I am working on a Linear Regression model where my output variable is ‘Salary’ of individuals based on 2 input variables, 1). Department 2). Job_Level.
When I fit a Simple Linear Regression model to predict the “Salary” variable using “Department” it gives the coefficients which make sense with the data, however when I add “Level” also to the model, it produces incorrect coefficients, since I can not share the data set here I have used the Big Mart data (Train data after removing all rows with missing values) for simulation purpose.

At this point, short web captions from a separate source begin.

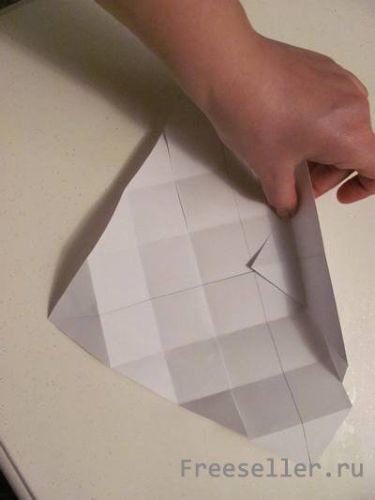 Изготовление подарочной коробочки с бабочкой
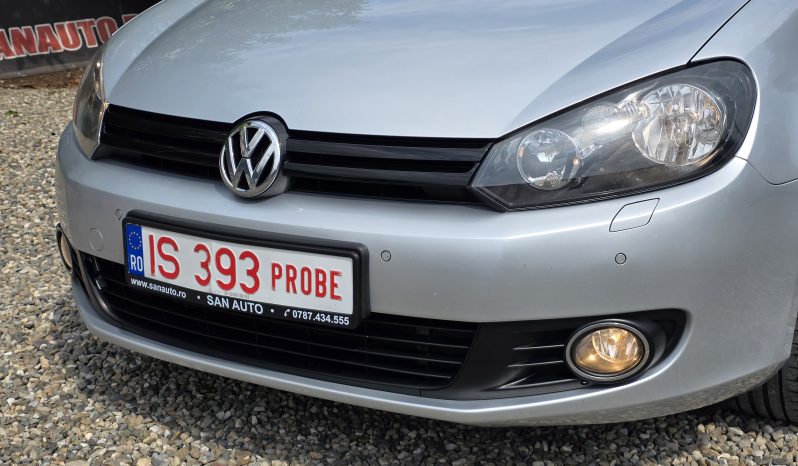 Volkswagen Golf VI 1.6 TDI Match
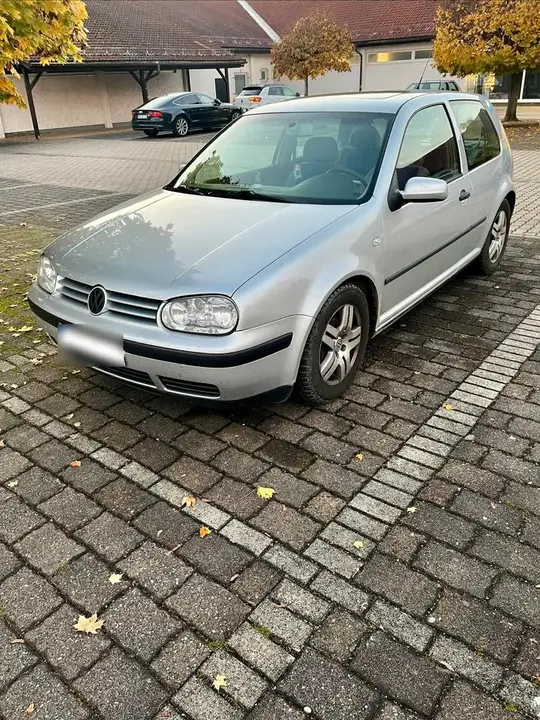 Volkswagen Golf 4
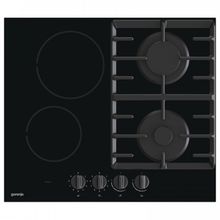 Product image of GORENJE GCE691BSC კომბინირებული ქურის ზედაპირი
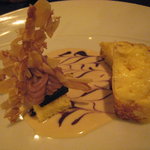 SALONE 2007 - リモンチェッロのクレスペッレとモンテビアンコ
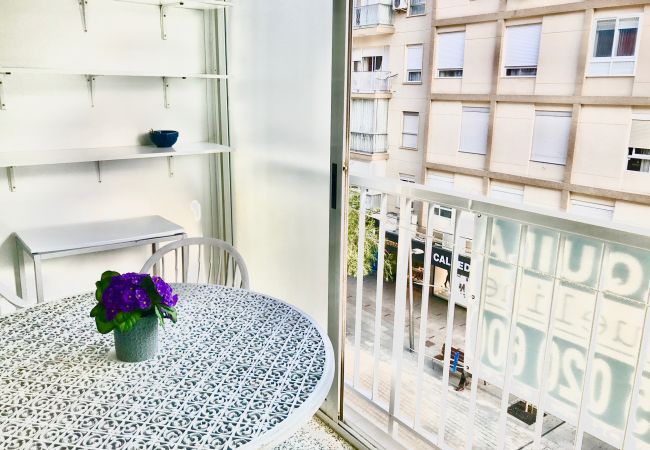 Appartement à Benidorm - R514 GREAT APARTMENT IN OLD TOWN Appartement à Benidorm - R514 GREAT APARTMENT IN OLD TOWN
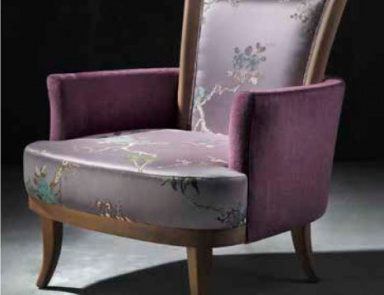 Sessel mit hoher Rückenlehne Rosita, Coleccion Alexandra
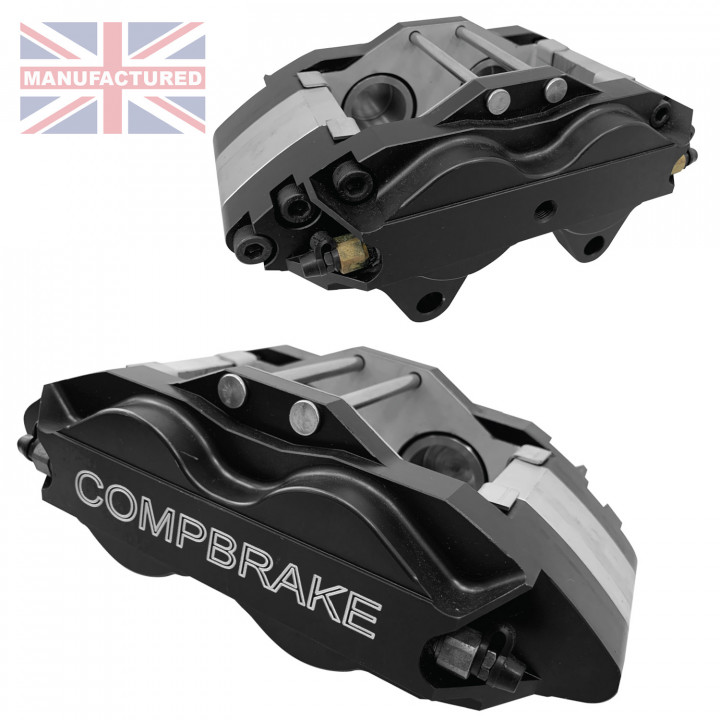 COMPBRAKE PRO RACE 1 - PAIR OF CALIPERS - 295MM-330MM ROTORS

Below is the R code of the model which I built:
#First model Simple Linear:
model1 <- lm(Item_Outlet_Sales ~ Outlet_Size, data = Big_mart) ## Predicting the Sales based on Outlet size only
So I would interpret the coefficients, if the Outlet_Size is Medium then the average sales figures will be -126 comparing to the reference category Outlet_Size_High, similarly if the Outlet_Size is Small then the average sales figures will be positive 59 comparing to Outlet_Size High, this makes sense as the Mean figures of Sales by Outlet_Size matches with the coefficients logic(i.e. for small they are highest and for medium they are lowest)
Now I added one more variable, which is Outlet_Location_Type and re-built the regression equation:
model2 <- lm(Item_Outlet_Sales ~ Outlet_Size + Outlet_Location_Type, data = Big_mart)
Now the problem is, in the simple model where Outlet_Size was used to predict the Sales, coefficients for Outlet_SizeSmall were positive however after adding Outlet_Location_Type they have flipped the signs from Positive to Negative, which doesn’t make sense if we manually compare the coefficients with raw data.
Same is happening when I include the Level variable along with Department variable to predict Salary.
After doing some research on google, I came to know that this phenomena is known as Simpson’s Paradox. Now I know the cause of this problem but my question is how can I resolve this problem to fit a regression model which gives me coefficients which have signs(+ or -) which match with the data used to train the model. I am also interested to share the results with the business owners so I would need to report the coefficients to them.
If you have any solution to this, please share your valuable inputs?